Birds of Poland ('20-ongoing)
Pamela Bożek, Jan Jurczak
Birds of Poland is an action we are conducting at the Centre for Foreigners in Łuków. After nearly three months since the closure of centres in June of this year, we decided to temporarily relocate to the area; attempts at on-line meetings without fast internet and an insufficient number of devices proved frustrating and did not fulfil expectations of any party. Birds of Poland has an educational-performative dimension, taking place in neighbouring parks and forests. We are focusing primarily on sustaining our long-built relationship, while undertaking communal visual activities. Ptaki Polski [Birds of Poland] are also the title of Jan Sokołowski's atlas: stories of birds observed on the territory of the Polish state, narrated in beautiful, poetic language, which have become our inspiration and space of reference, on the level of visuality and content. Every person participating in the activities has become a bird: they learn about the bird's appearance and habits, and, jointly, we build nests. Birds of Poland, however, are chiefly a reflection on freedom, nature of borders and on belonging – we identify with critters whose nature is migration.
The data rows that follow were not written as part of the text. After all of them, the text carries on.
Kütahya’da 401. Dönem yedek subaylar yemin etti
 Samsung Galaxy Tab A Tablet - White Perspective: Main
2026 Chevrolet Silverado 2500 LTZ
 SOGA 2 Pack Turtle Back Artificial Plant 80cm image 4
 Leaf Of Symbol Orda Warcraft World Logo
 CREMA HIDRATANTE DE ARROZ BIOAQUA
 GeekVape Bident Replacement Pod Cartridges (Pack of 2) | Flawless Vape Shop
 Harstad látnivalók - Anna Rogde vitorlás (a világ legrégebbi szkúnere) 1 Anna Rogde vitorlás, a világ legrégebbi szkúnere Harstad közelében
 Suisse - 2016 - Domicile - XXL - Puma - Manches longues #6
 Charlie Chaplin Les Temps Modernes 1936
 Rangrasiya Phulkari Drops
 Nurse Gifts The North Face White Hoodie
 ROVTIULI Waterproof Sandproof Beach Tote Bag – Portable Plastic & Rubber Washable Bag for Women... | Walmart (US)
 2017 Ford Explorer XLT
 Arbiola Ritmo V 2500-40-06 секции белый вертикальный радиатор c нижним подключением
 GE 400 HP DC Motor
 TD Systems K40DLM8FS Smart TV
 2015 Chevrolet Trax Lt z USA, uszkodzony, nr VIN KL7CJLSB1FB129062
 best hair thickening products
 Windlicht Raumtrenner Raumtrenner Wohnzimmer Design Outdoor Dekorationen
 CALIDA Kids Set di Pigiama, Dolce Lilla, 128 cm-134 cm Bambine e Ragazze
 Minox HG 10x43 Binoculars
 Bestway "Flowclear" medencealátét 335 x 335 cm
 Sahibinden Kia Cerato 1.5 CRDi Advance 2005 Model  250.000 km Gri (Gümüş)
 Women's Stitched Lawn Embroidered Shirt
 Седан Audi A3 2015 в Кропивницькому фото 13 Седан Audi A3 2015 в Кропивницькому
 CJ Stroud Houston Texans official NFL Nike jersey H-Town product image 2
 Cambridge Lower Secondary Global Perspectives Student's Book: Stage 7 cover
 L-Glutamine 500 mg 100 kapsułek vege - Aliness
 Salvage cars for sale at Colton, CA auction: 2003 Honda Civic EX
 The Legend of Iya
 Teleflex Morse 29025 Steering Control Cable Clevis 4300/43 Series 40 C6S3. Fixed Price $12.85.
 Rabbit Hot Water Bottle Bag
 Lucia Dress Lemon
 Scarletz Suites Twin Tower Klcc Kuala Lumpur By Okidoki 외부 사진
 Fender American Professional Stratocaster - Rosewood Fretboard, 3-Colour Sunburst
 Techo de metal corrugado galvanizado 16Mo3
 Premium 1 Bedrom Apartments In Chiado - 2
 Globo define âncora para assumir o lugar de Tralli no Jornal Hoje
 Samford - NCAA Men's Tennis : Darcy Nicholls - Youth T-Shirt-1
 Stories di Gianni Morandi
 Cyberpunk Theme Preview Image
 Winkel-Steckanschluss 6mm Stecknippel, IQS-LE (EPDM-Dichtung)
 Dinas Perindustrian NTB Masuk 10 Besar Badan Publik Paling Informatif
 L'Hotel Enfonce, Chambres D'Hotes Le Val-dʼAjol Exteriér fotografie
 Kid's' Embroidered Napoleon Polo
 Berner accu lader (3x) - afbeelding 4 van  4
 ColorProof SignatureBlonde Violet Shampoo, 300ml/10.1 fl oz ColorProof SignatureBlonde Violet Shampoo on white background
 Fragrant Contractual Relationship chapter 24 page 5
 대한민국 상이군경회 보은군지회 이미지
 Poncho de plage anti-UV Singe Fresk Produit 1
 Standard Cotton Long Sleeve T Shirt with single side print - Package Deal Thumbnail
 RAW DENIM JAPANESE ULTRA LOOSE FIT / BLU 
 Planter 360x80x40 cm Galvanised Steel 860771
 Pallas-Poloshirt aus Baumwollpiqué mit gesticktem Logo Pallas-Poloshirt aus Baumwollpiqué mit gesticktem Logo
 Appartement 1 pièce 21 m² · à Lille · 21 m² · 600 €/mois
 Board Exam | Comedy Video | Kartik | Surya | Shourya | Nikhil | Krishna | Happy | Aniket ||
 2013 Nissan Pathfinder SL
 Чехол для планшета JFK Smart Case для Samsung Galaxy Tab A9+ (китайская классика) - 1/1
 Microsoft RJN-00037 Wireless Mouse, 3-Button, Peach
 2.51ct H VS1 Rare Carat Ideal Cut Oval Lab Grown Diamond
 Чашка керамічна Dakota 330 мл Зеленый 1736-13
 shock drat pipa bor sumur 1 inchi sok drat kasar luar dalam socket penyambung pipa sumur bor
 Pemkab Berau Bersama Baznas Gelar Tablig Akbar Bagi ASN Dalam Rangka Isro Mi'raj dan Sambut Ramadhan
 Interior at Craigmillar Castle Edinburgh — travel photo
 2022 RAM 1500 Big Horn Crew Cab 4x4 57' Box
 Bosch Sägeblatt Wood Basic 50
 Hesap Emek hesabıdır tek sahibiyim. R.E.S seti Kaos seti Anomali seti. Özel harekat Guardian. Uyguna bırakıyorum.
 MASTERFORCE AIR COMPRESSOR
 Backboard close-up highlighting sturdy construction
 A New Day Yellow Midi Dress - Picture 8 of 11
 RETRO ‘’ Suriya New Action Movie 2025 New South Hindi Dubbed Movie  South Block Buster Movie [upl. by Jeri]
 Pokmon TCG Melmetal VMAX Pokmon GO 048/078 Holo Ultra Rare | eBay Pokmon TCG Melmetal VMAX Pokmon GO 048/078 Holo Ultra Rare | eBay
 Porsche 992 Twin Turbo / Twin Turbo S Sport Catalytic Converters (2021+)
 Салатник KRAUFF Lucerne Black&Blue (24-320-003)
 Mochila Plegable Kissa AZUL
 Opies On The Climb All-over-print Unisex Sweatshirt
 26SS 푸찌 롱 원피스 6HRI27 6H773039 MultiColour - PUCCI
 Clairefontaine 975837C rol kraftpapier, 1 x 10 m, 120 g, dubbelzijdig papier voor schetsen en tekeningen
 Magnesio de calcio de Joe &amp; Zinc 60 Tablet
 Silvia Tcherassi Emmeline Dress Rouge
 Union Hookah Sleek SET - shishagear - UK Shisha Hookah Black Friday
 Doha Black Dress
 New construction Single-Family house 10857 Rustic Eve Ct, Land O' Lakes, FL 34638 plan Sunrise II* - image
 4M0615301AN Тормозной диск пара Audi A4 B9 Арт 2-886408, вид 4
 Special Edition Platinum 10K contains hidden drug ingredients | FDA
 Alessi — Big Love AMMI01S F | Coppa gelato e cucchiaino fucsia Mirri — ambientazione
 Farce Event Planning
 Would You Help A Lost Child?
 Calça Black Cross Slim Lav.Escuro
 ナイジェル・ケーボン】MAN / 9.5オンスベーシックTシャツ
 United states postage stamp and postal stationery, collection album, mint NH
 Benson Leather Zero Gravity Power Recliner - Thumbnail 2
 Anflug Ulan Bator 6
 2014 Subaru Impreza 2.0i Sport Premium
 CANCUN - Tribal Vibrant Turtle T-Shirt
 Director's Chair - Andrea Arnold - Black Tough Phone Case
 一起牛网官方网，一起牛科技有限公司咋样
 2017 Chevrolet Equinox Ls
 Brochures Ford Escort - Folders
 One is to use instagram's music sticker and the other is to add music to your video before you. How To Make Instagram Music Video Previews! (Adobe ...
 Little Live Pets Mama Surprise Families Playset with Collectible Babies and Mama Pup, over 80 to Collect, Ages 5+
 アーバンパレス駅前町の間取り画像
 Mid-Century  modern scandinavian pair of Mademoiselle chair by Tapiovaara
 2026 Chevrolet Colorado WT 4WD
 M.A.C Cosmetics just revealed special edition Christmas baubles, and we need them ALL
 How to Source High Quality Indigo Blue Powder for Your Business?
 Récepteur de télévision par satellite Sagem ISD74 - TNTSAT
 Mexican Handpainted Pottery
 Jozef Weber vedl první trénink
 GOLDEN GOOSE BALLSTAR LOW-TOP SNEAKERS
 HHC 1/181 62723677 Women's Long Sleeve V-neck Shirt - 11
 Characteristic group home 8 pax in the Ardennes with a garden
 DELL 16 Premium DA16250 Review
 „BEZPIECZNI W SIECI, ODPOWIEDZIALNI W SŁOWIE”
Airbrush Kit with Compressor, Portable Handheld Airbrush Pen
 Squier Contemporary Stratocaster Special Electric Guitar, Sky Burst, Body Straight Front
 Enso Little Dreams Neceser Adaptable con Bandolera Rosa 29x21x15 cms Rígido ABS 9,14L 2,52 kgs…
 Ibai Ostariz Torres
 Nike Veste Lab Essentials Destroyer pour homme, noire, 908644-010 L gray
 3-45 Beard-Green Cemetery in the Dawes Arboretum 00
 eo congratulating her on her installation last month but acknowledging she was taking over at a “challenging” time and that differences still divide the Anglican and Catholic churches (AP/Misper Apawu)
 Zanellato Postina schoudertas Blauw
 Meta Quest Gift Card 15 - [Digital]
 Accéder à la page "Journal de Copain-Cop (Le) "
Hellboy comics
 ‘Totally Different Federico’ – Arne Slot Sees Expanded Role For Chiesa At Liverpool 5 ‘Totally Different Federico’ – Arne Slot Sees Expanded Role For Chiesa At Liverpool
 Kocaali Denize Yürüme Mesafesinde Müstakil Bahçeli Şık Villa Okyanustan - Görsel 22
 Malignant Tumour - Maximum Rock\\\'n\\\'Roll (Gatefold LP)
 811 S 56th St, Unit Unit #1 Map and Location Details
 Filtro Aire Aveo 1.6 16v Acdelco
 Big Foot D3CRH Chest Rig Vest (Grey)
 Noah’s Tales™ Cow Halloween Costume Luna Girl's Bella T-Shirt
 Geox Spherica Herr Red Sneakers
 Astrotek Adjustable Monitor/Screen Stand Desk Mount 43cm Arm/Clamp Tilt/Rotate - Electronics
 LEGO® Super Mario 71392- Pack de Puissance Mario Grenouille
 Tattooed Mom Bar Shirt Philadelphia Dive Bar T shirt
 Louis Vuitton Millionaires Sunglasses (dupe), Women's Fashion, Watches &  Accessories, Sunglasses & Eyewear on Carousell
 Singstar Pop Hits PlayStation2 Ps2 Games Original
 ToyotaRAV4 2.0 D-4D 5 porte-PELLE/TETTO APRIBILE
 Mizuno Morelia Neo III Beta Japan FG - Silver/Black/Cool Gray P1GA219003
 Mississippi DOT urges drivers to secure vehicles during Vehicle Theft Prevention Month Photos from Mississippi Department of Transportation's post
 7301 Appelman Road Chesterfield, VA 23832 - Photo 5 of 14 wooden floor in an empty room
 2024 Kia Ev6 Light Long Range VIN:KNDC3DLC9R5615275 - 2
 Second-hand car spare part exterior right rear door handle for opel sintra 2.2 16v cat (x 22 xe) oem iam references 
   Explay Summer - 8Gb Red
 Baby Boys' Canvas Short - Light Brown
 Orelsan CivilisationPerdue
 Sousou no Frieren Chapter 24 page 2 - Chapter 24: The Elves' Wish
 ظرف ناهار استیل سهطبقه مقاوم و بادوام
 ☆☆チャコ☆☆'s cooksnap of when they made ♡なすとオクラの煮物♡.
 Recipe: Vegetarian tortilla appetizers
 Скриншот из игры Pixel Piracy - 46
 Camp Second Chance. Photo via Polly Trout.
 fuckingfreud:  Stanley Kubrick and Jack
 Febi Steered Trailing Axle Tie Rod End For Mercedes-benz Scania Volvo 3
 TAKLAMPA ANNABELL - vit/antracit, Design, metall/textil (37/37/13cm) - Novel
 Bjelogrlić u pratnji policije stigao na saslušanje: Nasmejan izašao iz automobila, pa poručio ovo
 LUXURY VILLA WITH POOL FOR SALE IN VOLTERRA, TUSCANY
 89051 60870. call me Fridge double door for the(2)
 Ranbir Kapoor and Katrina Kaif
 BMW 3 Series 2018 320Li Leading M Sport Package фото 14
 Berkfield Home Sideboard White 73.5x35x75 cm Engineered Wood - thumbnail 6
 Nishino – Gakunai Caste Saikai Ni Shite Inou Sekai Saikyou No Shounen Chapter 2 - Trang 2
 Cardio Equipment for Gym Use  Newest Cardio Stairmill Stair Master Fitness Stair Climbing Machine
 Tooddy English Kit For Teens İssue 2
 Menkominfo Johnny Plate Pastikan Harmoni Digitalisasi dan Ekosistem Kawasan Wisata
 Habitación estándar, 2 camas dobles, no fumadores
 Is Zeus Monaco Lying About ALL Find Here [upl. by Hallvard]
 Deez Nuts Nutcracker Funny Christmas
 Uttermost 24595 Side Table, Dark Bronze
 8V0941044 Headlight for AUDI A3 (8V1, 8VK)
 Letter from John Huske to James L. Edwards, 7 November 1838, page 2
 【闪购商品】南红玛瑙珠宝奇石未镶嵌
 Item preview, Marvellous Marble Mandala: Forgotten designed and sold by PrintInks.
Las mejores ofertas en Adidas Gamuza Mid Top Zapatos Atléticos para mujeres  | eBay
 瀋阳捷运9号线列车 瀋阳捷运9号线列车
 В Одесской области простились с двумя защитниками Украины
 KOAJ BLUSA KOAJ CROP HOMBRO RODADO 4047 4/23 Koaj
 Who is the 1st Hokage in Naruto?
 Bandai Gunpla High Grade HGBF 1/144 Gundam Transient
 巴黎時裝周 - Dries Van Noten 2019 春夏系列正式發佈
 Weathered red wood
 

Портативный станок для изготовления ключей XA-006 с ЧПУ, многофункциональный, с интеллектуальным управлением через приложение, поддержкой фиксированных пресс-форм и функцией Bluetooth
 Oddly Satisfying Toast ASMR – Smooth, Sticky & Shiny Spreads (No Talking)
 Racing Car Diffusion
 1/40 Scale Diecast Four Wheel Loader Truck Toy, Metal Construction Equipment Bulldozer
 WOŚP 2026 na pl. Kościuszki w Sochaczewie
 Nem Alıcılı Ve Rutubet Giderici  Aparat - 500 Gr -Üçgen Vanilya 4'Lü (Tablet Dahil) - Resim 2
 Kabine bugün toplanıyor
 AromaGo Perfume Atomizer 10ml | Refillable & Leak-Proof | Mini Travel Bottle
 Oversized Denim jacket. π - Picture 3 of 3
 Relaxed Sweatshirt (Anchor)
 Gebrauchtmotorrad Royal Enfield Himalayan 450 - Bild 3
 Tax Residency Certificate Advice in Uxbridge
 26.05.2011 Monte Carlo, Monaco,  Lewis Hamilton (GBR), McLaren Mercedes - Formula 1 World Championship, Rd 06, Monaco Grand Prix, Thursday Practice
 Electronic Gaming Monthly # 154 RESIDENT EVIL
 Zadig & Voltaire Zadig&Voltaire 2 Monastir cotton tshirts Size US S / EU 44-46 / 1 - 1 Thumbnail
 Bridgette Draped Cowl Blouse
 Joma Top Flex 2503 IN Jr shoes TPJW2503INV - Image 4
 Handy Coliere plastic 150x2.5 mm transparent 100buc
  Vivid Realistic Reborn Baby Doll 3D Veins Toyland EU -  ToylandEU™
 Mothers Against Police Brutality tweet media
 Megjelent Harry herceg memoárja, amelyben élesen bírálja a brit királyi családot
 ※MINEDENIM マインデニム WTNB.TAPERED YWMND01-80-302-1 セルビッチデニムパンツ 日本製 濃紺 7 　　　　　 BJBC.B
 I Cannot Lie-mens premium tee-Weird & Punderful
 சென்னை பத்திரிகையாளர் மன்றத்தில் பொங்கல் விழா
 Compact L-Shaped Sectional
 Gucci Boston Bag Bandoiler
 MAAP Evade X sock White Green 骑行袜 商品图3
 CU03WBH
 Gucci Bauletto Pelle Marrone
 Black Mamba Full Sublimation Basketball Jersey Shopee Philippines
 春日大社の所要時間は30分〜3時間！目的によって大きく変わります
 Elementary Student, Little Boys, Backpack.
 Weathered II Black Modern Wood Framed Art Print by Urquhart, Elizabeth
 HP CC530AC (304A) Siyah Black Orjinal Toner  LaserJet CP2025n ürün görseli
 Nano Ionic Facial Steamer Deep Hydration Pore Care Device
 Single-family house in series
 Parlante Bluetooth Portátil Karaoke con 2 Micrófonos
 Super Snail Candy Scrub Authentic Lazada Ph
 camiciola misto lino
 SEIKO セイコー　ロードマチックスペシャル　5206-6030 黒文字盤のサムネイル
Since early June, we have become acquainted on foot with surrounding forests, which could at last be experienced in complete liberty and freedom. Our contact with nature was unbounded and sensual. All willing girls and boys as well as their mothers participated in encounters and excursions. In June, the strawberry picking season began in Łuków, which, for the children, spells a grounding in tiny apartments, particularly during constraints of the pandemic.
For the duration of our common activities, we assumed names of migratory birds, the return of which to Poland is impatiently awaited every year, and every person created a mask of a selected species. Ultimately, sculptures-masksturned out to be significant not only on the visual level: besides a pandemic gesture of covering one's face, the birds relieved us also of the burden related to image capture, protected by the Polish Office for Foreigners. Every meeting was a conversation on the nature of species, their habits, imitation of their noises, observations and reading of Sokołowski's atlases. Thus, for conversations about migration, we assumed a non-human perspective, freed from the burden and entanglement in existing laws and international agreements.